Tuesday, August 25, 2009

A Call Option on Commodities Regulation




I am sure we all have been hearing a lot about the move to curtail speculative trading in the commodity markets. I thoight this was an interesting article. Whether one thinks speculators are net positive/negative for the market and the society (I personally think ETFs should be outlawed but let professional speculators speculate) I think it is likely that passage of speculative restriction would at least send the price down temporarily. Could I make money off this?

I thought perhaps I could buy some OTM puts on WTI. Turns out these options are still way too diamn expensive due to volatility and time value. Then I extended my analysis: who gets hurt if such rules get enacted? Can I buy some OTM puts on CME (who owns NYMEX where WTI is traded)? Well, these options are still too diamn expensive.
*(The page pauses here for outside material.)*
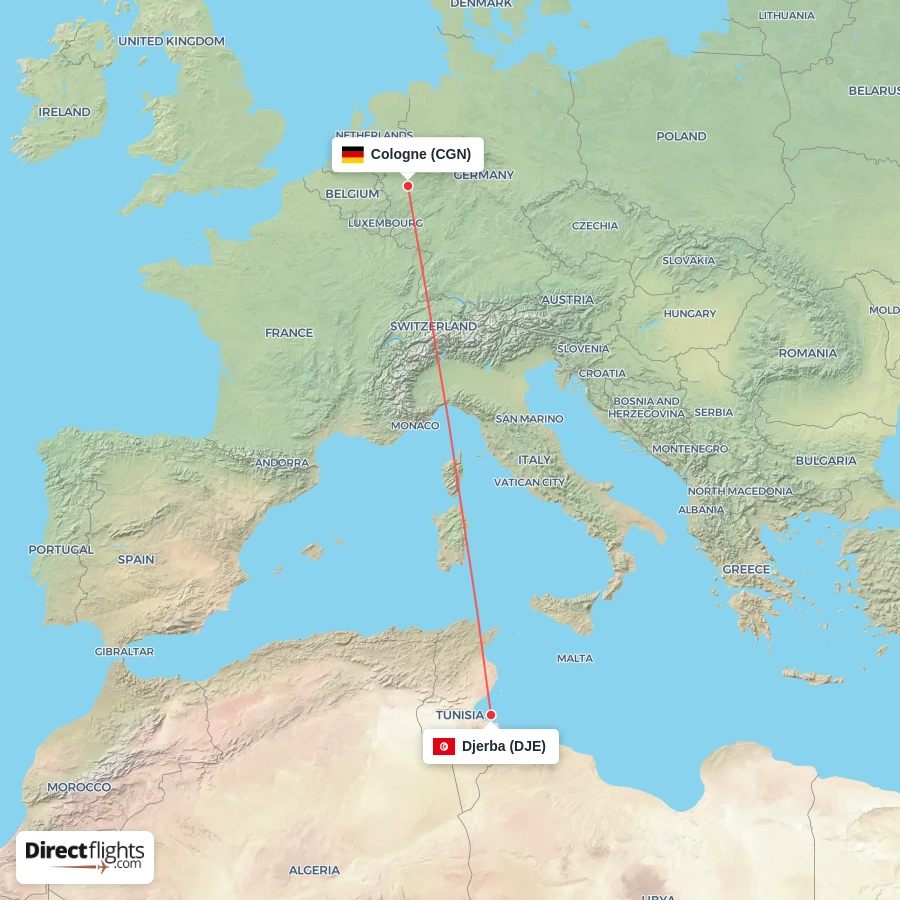 CGN - DJE route map
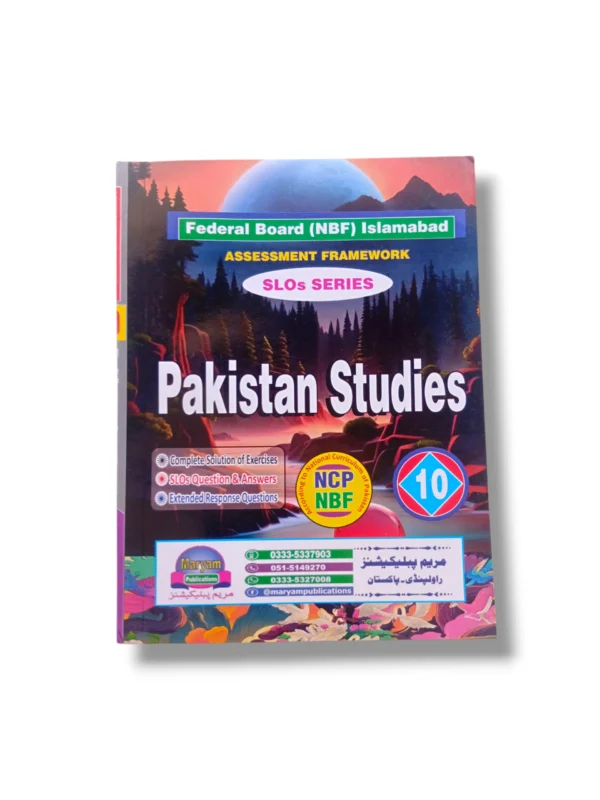 Maryam Pak Studies Guide for Class 10 book cover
What then - how about shorting CME and hedge out the equity beta portion by going long another exchange stock with minimal exposure to commodities? NYX perhaps?
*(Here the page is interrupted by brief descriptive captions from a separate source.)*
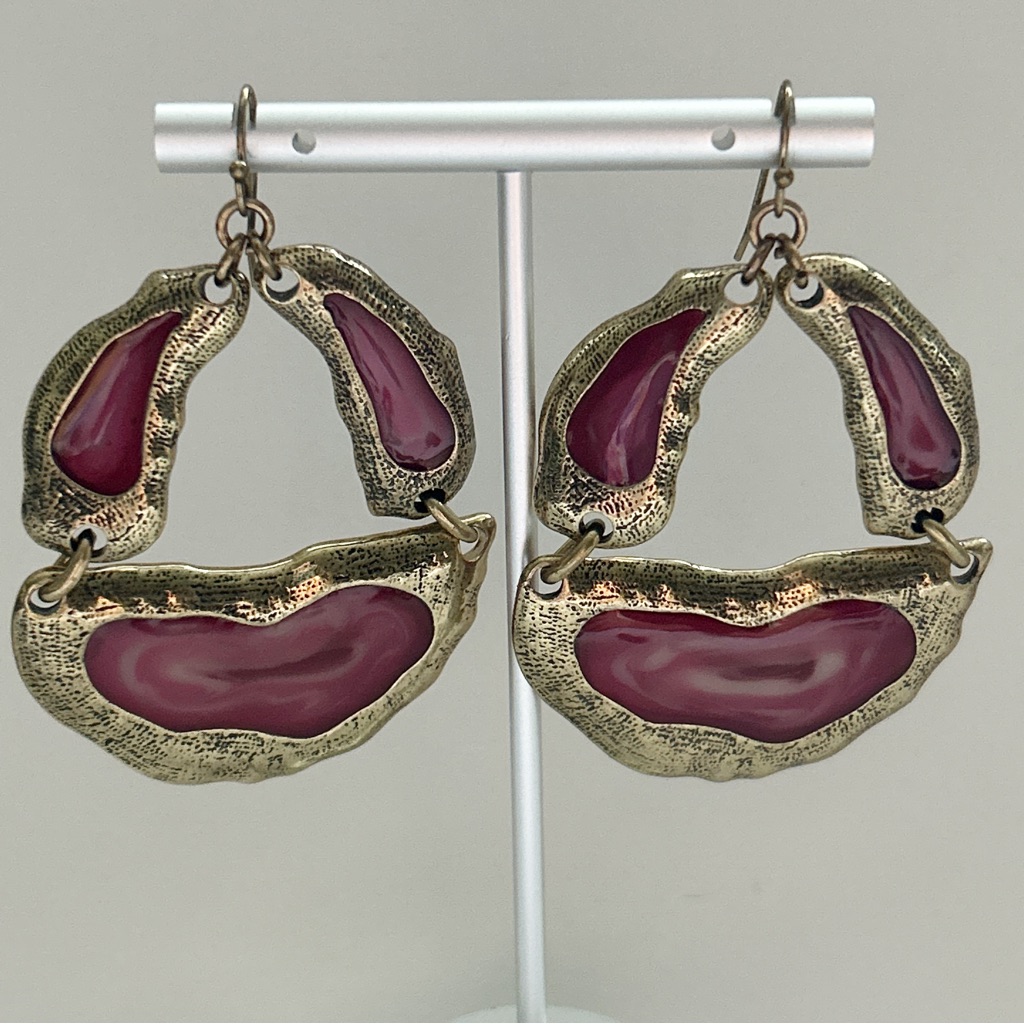 New Bansri Purple Agate Slice Statement Earrings 34$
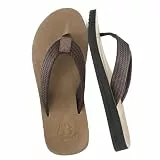 AX BOXING Flip Flops Herren Sommer Orthopädische Zehentrenner U-förmige Ferse Leichte Yoga Fußbett Badelatschen Sandalen Beach Pool Dunkel Braun 46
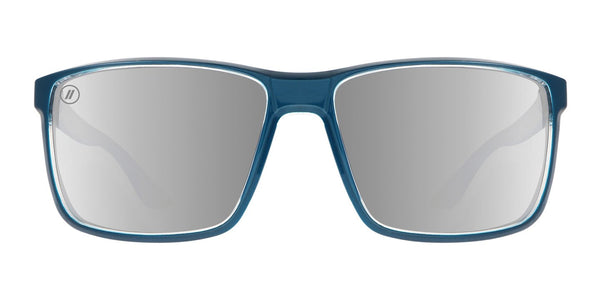Ghoster Polarized Sunglasses - Grey Lenses With Blue with Gloss Crystal Clear Frames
The two stocks are very highly correlated so it seems to me like the equity sensitivity portion can be hedged. NYX seems to have higher dividends than CME which is good. Must look into how much commodities contribute to CME's earnings.

Though I wonder : is NYX gonna get hammered if that whole HFT thing gets busted up by the gubment?

1 comment:

Nemo Incognito said...

I think if you look at the breakdown in calendar spreads in NG based upon the regulation of nat gas you may find your answer to how to play this. Ie, short month 1, buy month 3, watch the spread blow out as they limit positions on USO. Front end ain't that steep so the carry doesn't hurt too much.